Bumperhead looks back to suburban youth in the 1970s, with an epilogue chapter decades later as closure. Bobby is Bumperhead, cruelly taunted as such by neighbourhood louts due to the top of his head bulging when he’s young. He’s rather aimless, but then that’s a family trait, his father talking little about work, and his mother seen as counting the minutes to her next cigarette.

While the narrative is ostensibly a straight parade from the late 1960s forward, Gilbert Hernandez throws in the deliberately unsettling anachronism of Bobby’s pal having an iPad providing glimpses of the future. Maybe it’s to distract from how much Hernandez is trawling through his own 1970s experiences, although also used to comment on a lack of imagination.
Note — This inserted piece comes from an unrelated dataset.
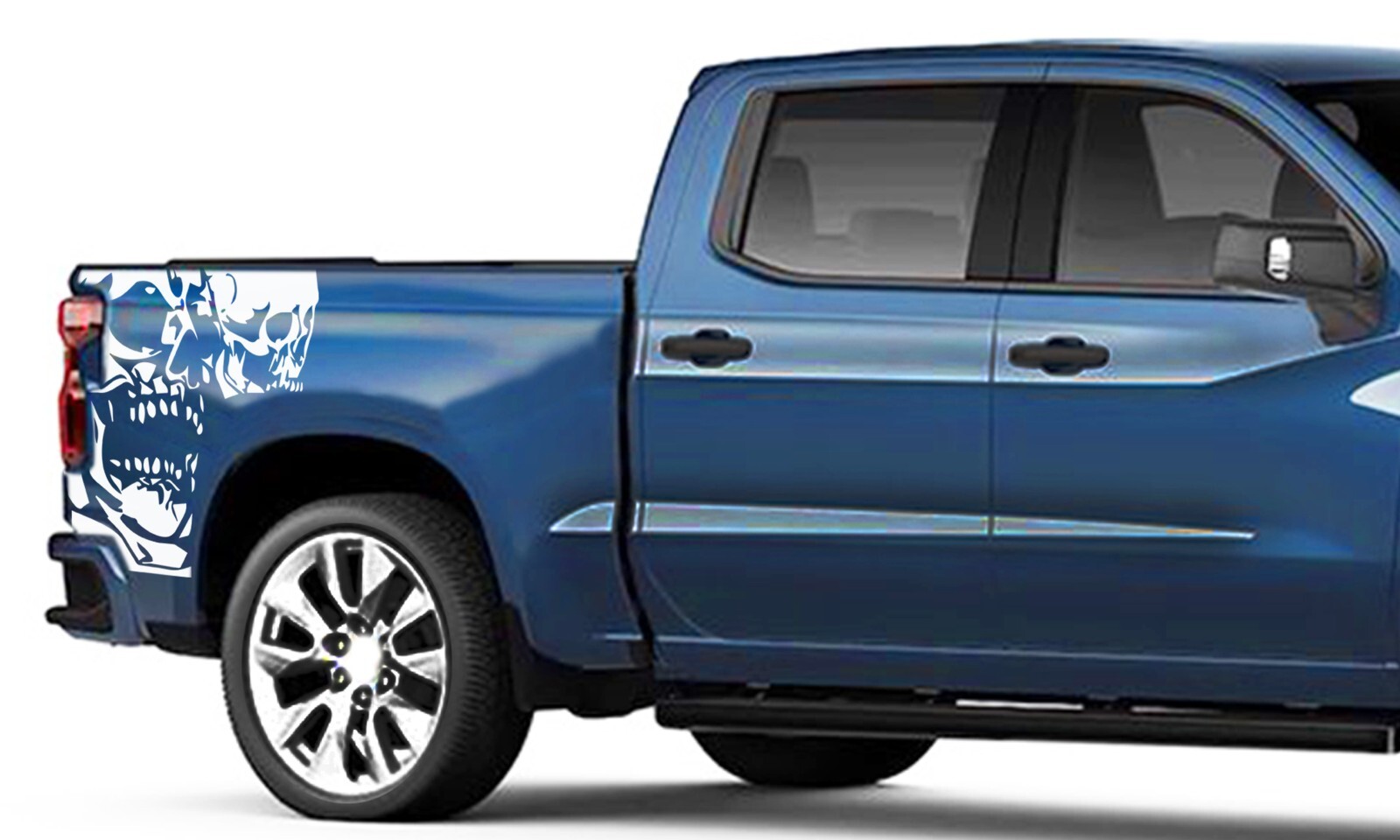 Side skull graphics stickers decal compatible with Chevrolet Silverado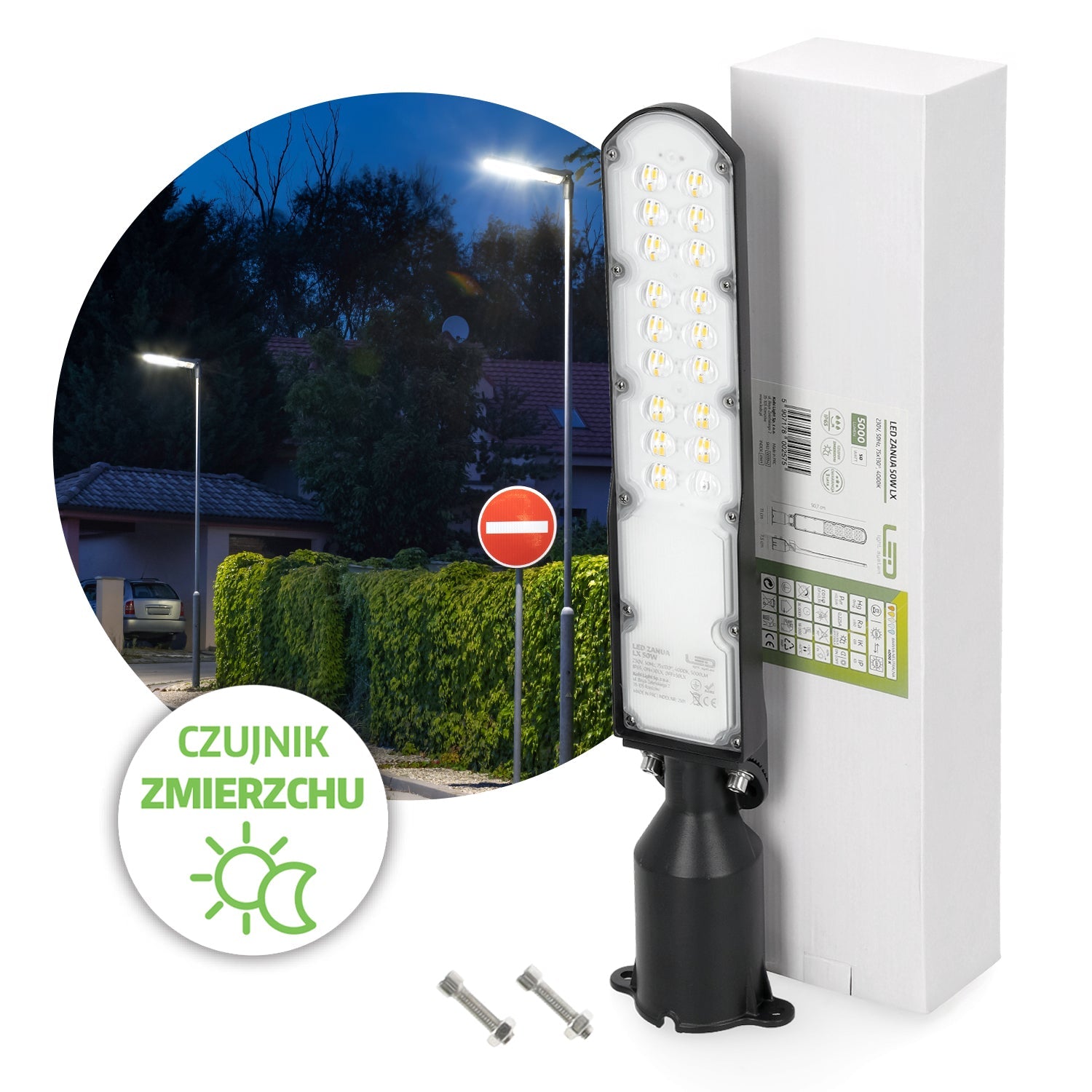 Oprawa LED 50W Lampa Uliczna z Czujnikiem Zmierzchu 4000K IP65 IK08 LLS - LAITICA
Lalo has this fantastic device with a considerable portion of the future at his disposal, and he uses it to view pictures of nurses crapping, or atrocities. Without it, would he become Jeffrey Dahmer?

That teenage mixture of absolute certainty and insular insecurity is articulately conveyed, as is the redemptive power of music. However, Hernandez keeps a distance. Bobby wanders through life in a series of elegantly drawn black and white panels, never committing, passively accepting life as it happens, only music and the silence of his father able to move him to passion. There’s a sense of Hernandez considering some people’s high school days shape their lives, particularly if those lives continue to be lived in the same neighbourhood.

The art is deliberately a little wooden, people given fixed expressions as they conceal their inner thoughts, and Bumperhead only really moves beyond walking pace during a couple of concerts. For all that, the cast are well designed and distinctive, Hernandez having fun with the 1970s fashions.

Neat little observations are present, but although Bobby explains himself, sometimes articulately, he doesn’t actually have much to say, which ensures he’s not a compelling protagonist. Combine that with a series of listless events, and it leaves Bumperhead as true to its cast, but without the depth of Hernandez’s Palomar stories or the wackyness of his b-movie pastiches.